Donatello Italian Restaurant, Tampa
As you walk into Donatello you are greeted by dozens of photos that owner Guido has taken with various celebrities who have visited his restaurant since it opened in 1984. They come for good reason. Guido and his son Gino run this cozy rose-lit restaurant that is a Tampa institution. With a full bar and lounge on one side of the premises, and an up-scale restaurant on the other side, there is something for everyone at Donatello. Guido mastered his craft in Europe and opened restaurants in London and Venice before arriving in Tampa to launch Donatello.Today his son Gino greets guests with a big smile at the door and happily tells stories of the rich family history from a small fishing island near Venice. The food does not disappoint either — handmade pastas, fresh seafood and delicate antipasti have brought diners back here time and time again. Waiters are superbly attentive to each diners' needs and finish preparation of much of the food table-side for utmost freshness. A top-class restaurant serving fine Italian cuisine — a Tampa treasure.
While they are opening a full service bar and restaurant nearby this year, it is surely worth a visit to the original Cigar City Brewing location. While the brewery only has a modest bar on-site and does not serve food, the company has been in business for 16 years — and business is booming. Rapid expansion from 1,000 barrels five years ago, to 15,000 barrels in the past year should definitely signal they've 'tapped' into something special in the Florida marketplace. Head brewer Wayne Wambles began his craft as a home brewer who just loved beer. He got his foot in the door at CCB and has run with it. The brewery is wildly popular and can't expand quick enough for all the demand — taking over all of the neighbouring buildings with state of the line machines waiting to come online and ratchet up production numbers. Their best seller is the Jai Alai IPA which accounts for over 50% of their sales. It's a robustly hopped IPA that Floridians seem to love. CCB strives to use local ingredients in every step of the brewing purpose and are constantly experimenting with new combinations and processes to keep upping the bar against the competition. Take a quick whirlwind tour through their facilities and  realize just how amazing the craft-brew scene is in Florida.
* pumpkin pancake image courtesy of DatzTampa.com
Datz, Tampa
It's hard to capture the splendor of Datz in words — they describe themselves as "pure culinary bliss", and they aren't far off.
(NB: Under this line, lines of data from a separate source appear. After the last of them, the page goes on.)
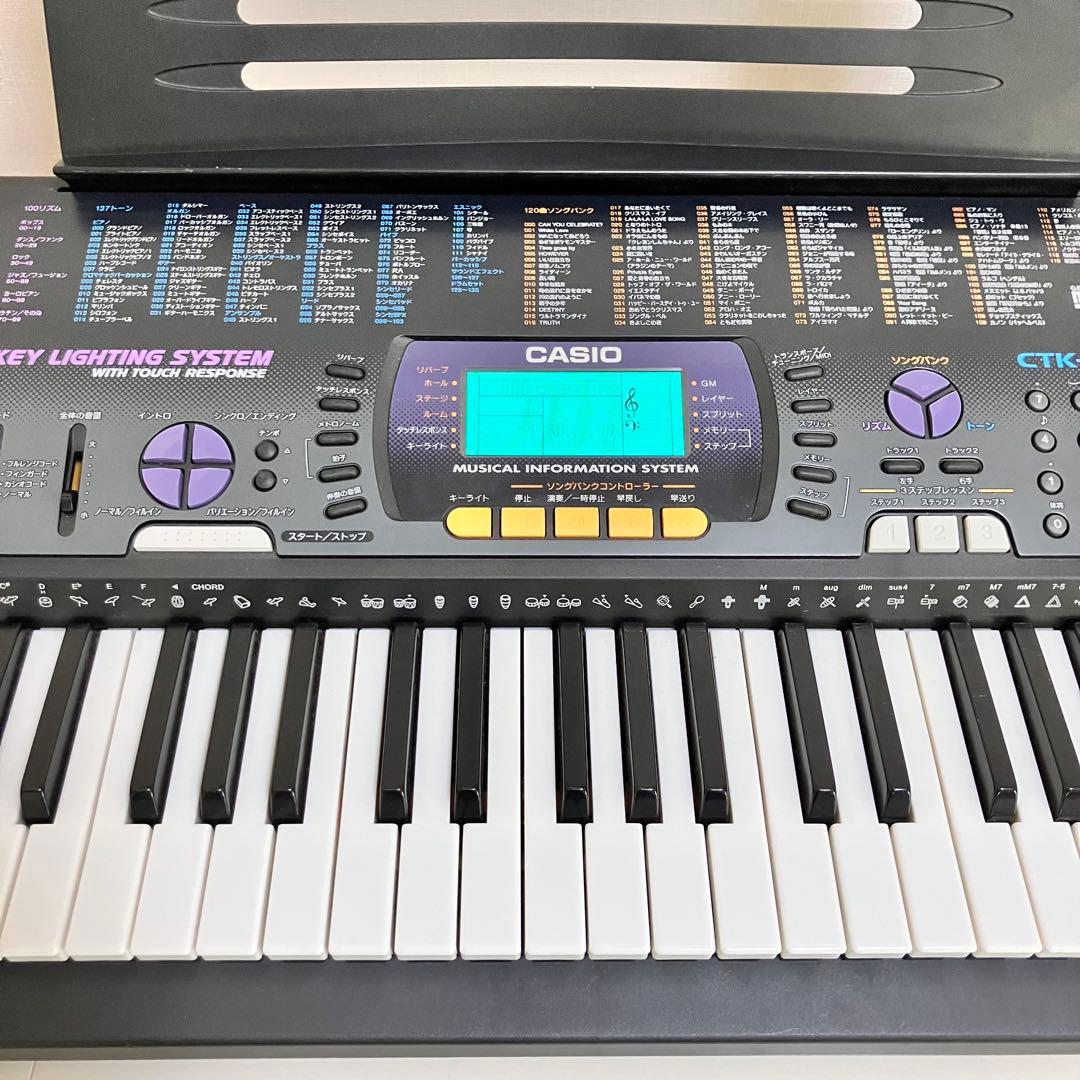 【動作良好】 CASIO CTK-660L キーボード 光ナビゲーション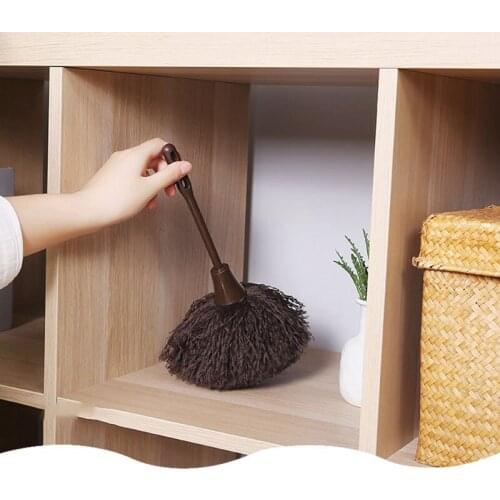 NHBR Mini Feather Duster Cleaning Duster Car Electrostatic Duster Household Desktop Keyboard
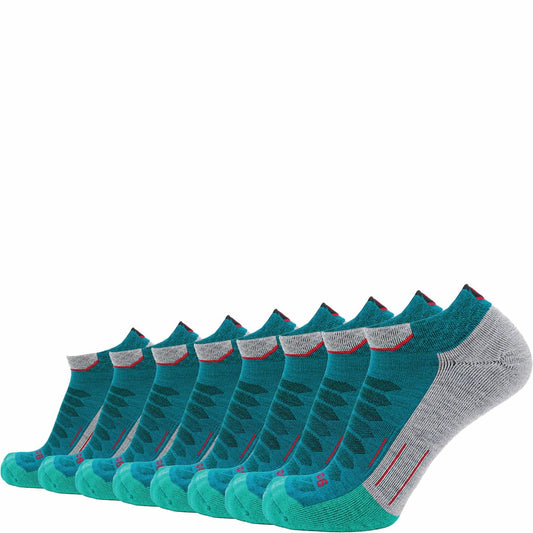GRIP6 8 Pairs Emerald - Run Ankle Midweight Merino Wool Sock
In a very non-traditional way this multi-leveled, diner, meets restaurant, meets bar, meets market revolves entirely around delicious food and drink. There is no weak point in their offerings. Brunch choices like red velvet pancakes, monkey bread and breakfast poutine; massive lunch sandwiches like the Ty's Two Fister; dinner options such as the Korean Ribeye - marinated in a coca-cola/hoisin glaze; and literally dozens of craft beers on tap — you can see why there's usually a line-up at the front door. Pleasing Tampa foodies since 2009, Roger and Suzanne Perry are clearly in their element here and constantly play with the menu adding new twists and turns to delight diners. Having just launched a bakery, meets bistro, meets cafe next door to Datz (appropriately named Dough), they will be feeding hungry visitors in this neighbourhood for a long time to come.